* EXERCISE OBJECTIVE *
This exercise calls for retyping every line below exactly, with the images omitted.

* COLLECTED DATA *
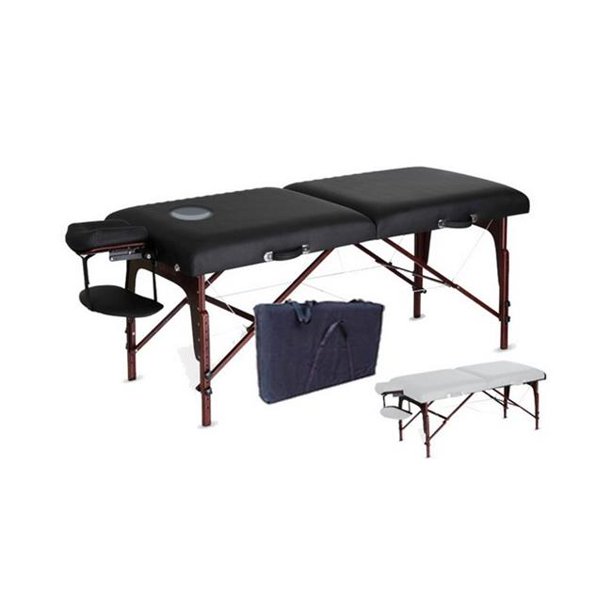 CSC Spa WB006B Portable Massage Bed with Carrying Case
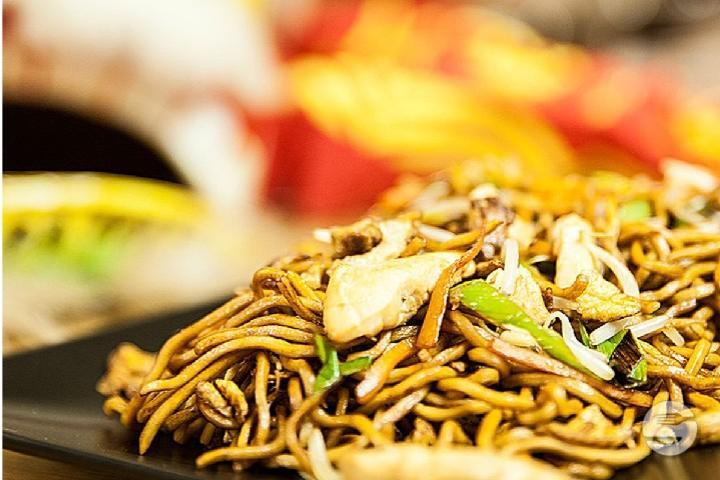Fried noodles or rice - Grand Asia Restaurant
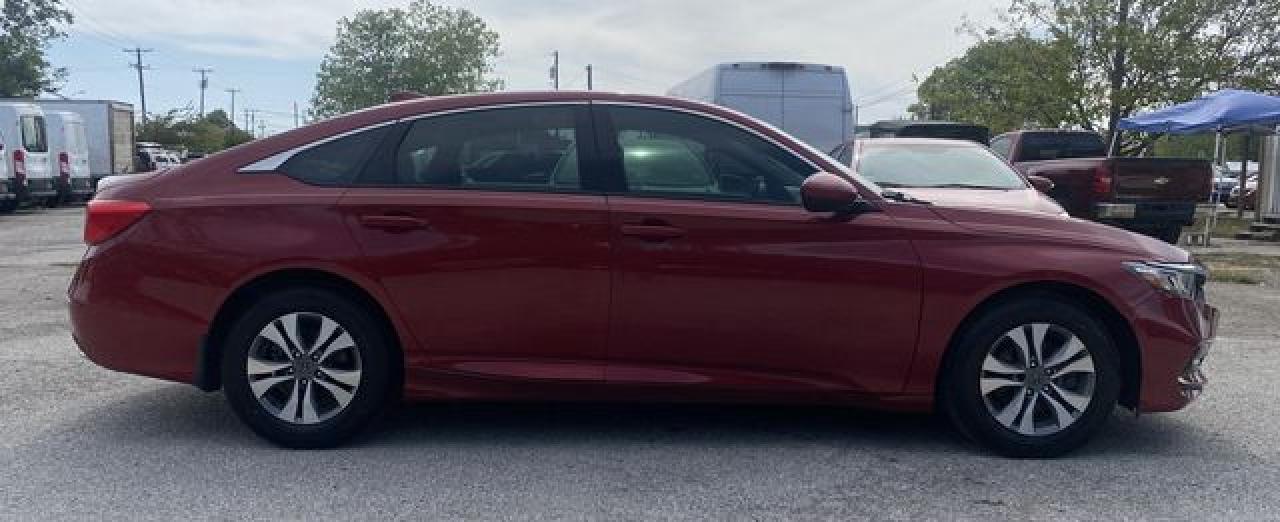 2019 Honda Accord Lx - Image 4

* YOUR SOLUTION *
 CSC Spa WB006B Portable Massage Bed with Carrying Case
Fried noodles or rice - Grand Asia Restaurant
 2019 Honda Accord Lx - Image 4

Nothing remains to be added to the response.